At Notre Dame, Cunningham’s primary focus is working with the Fighting Irish wing players, as well as coordinating future game schedules and constructing game strategy and scouting reports. She also helps develop daily practice plans and assists with the program’s nationally-ranked recruiting efforts.
“Beth was a phenomenal shooter as a player here at Notre Dame, and she has the respect of all the players that are now in our program because they know she’s done exactly the same things that she’s teaching them,” head coach Muffet McGraw said. “She’s had great success as a head coach and she’s able to help me during games because she’s always been a poised and level-headed kind of person and never gets too high or low emotionally.
“Beth sees the game from more of an objective view, so she’s really good on the bench during timeouts with comments and suggestions we can use,” McGraw added. “Understanding what the head coach is going through all the time makes her a great assistant because she helps make things easier for me in so many ways. All of us on the staff depend on her when it comes to managing the little things, the added details that come up, both on and off the court.”
Cunningham has helped mold Notre Dame’s perimeter offense into one of the nation’s best. The Irish broke the program record for most made three-pointers in the 2016-17 season (217), but also have claimed the top-five spots in the record book in five of the past six years (190 in 2013-14; 186 in 2014-15, 207 in 2015-16 and 185 in 2017-18).
Over the last two seasons, Notre Dame’s offense has operated at its best in program history. The 2018 national championship squad ranked second all-time in points (3,234) and scoring average (85.1 ppg), and fifth in field goal percentage (.502). During the Big Dance, the Irish poured in 523 total points, which ranked fourth all-time in the history of the tournament and the best in program history.

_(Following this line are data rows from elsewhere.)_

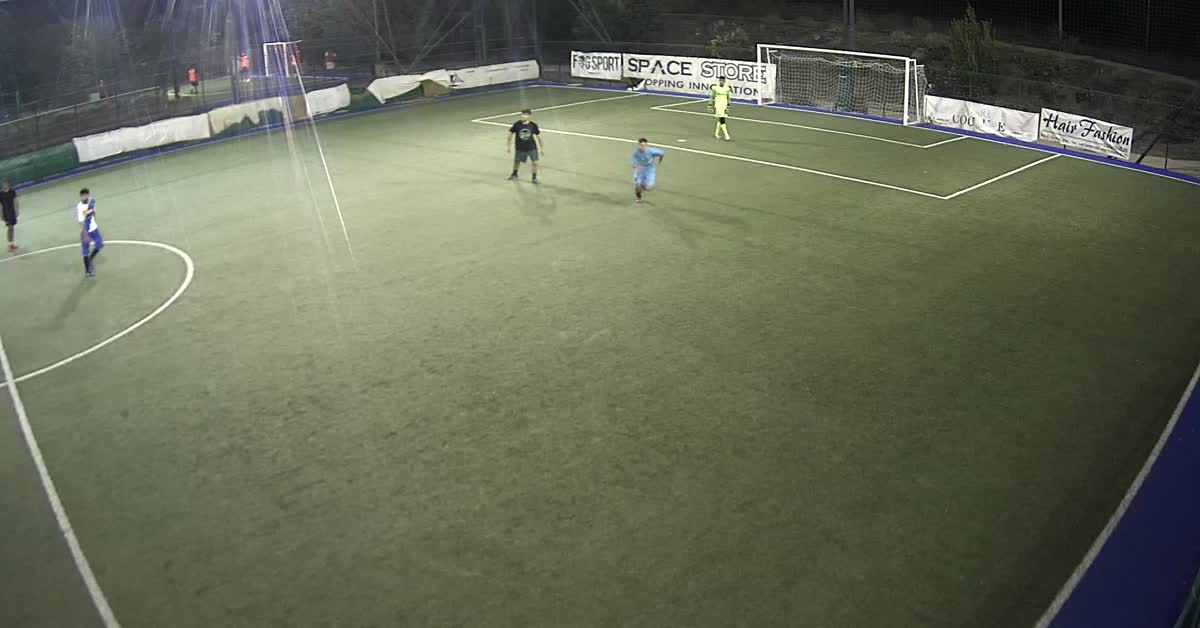 Anticipo dribling e tiro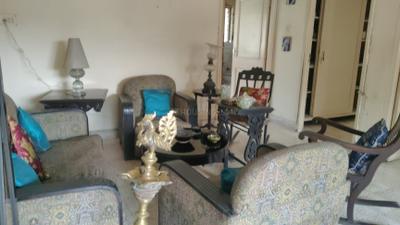 Living Room Image of 1200 Sq.ft 3 BHK Apartment / Flat for sale in Habra North 24 Parganas District for Rs. 13500000
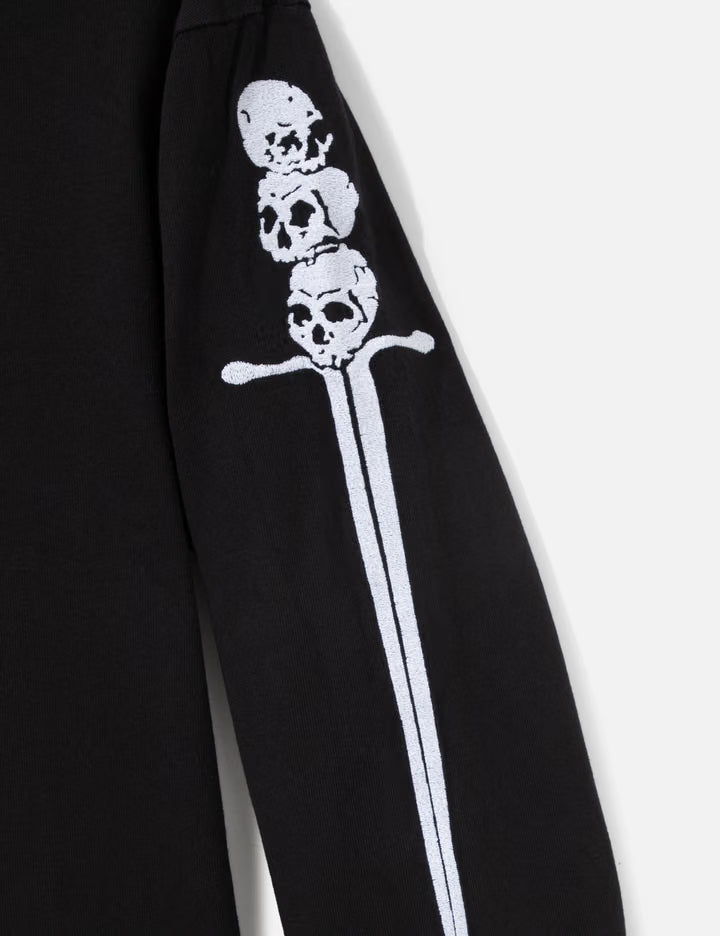 Luster Heavyweight Long Sleeve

The Irish followed that up with a runner-up finish in the 2019 NCAA Championship, finishing the year with the No. 1 scoring offense in the country, in which they averaged 88.6 points per game. The Irish also posted the second best shooting percentage (.508) and scoring margin (23.6). In fact, Ogunbowale, Mabrey, Young, Turner and Shepard made NCAA Division I history by amassing the most points by a starting five with 10,230 over their careers.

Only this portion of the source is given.